Unsere Übernachtungspause auf dem Weg von Hervey Bay nach Mackay legten wir in Rockhampton ein, der ehemaligen Rinderzucht-Hochburg an der Ostküste. Allen Australienreisenden nach uns sei an dieser Stelle dringend geraten: Glaubt euren Reiseführern kein Wort und meidet diese Stadt! Es sei denn, ihr seid Filmschaffende auf der Suche nach einer tristen Kulisse für einen Apokalypsefilm. Geboten wurden leere Bars, verlassene Geschäfte, menschenleere Straßen – und die wenigen der angeblich 64.000 Einwohner, die uns entgegengeschlurft kamen, hätten für eine Statistenrolle im Zombiefilm nicht einmal in die Maske gemusst. Nach einer Nacht auf dem Parkplatz des verwilderten und natürlich dauerhaft geschlossenen Botanischen Gartens fuhren wir schnellstmöglich mit quietschenden Reifen davon.
Wesentlich einladender präsentierte sich am Ende des zweiten Fahrtages Mackay. Hier tanzten die Leute zu kubanischer Musik auf dem Fußweg, und auch sonst herrschte allerorten bei schönstem Wetter gute Laune. Für die Übernachtung suchten wir uns schon am Nachmittag eine Picnic Area am Strand, der aber wegen des ausdauernden Windes nicht von Badegästen heimgesucht war. Man soll ja wegen der Quallen nur an sicheren Stellen ins Meer springen, und so befragten wir drei herumlungernde Rettungsschwimmer bezüglich der Gefahrenlage. Momentan sei das Baden hier absolut sicher, ließ uns der älteste der drei Lifeguards wissen. Weil gerade nichts zu tun war, zog er uns sogleich in den Aufenthaltsraum der Rettungsschwimmer, wo er allerlei Meeresgetier in Alkohol konserviert hatte, darunter verschiedenste Quallenarten, Seeschlangen und weitere giftige Schaustücke.
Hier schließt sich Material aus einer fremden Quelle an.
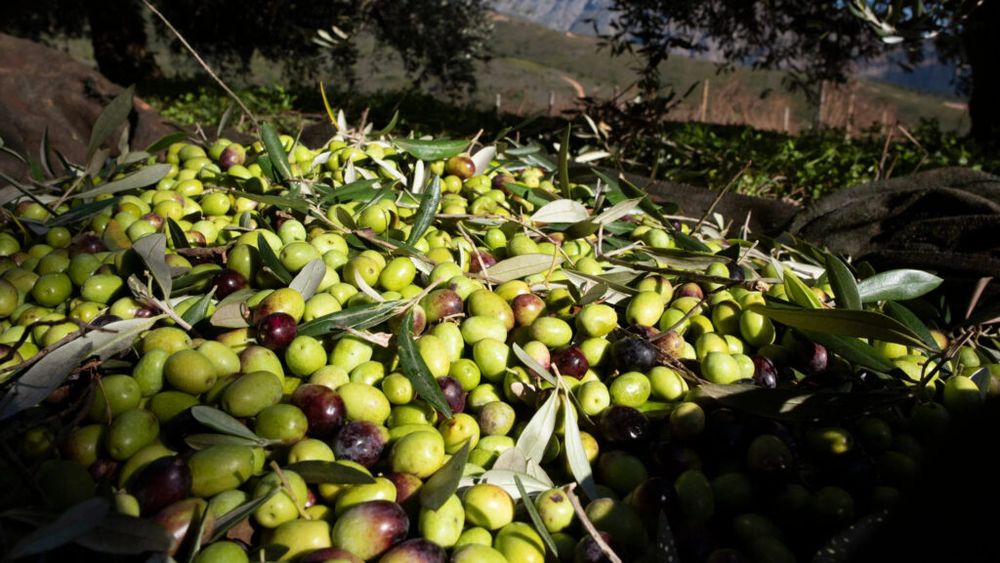 Europa riscă să piardă supremația producției de ulei de măsline / Se întrevede o evoluție similară cu cea de pe piața vinului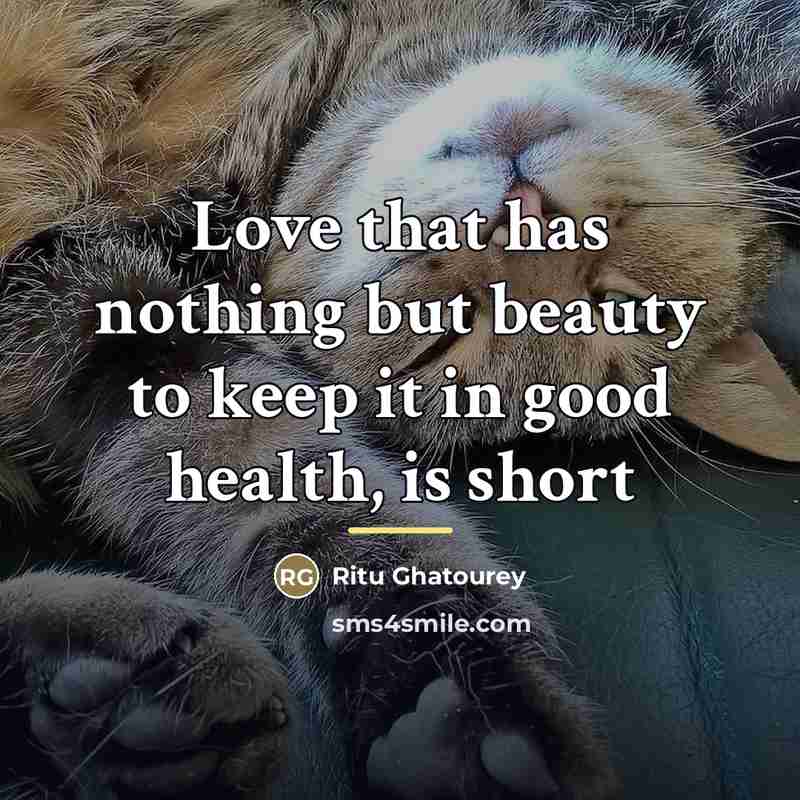 “Love that has nothing but beauty to keep it in…” quote by Ritu Ghatourey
Aufgrund unseres Hausfrauen-Englisch verstanden wir glücklicherweise nur die Hälfte der Erklärungen, aber die theaterreife Mimik und Gestik des netten älteren Herrn sprachen für sich selbst. Die für uns verständlichen Satzfragmente wie „at least one weak in hospital“ und „scream in pain“ ließen uns zweifeln, ob das Baden an dieser Stelle wirklich ratsam sei, und während wir uns noch fragend anschauten, hatte der eifrige Quallenfreund bereits eine Schautafel hervorgezaubert, auf der in höchster Auflösung verschiedene Wunden und Verletzungen nach Quallenkontakt abgebildet waren. „Aber im Moment ist es wirklich sicher“, rief er uns noch hinterher, während wir uns schnellstmöglich vom Strand zurückzogen. Wir begnügten uns dann mit einer Katzenwäsche im öffentlichen WC.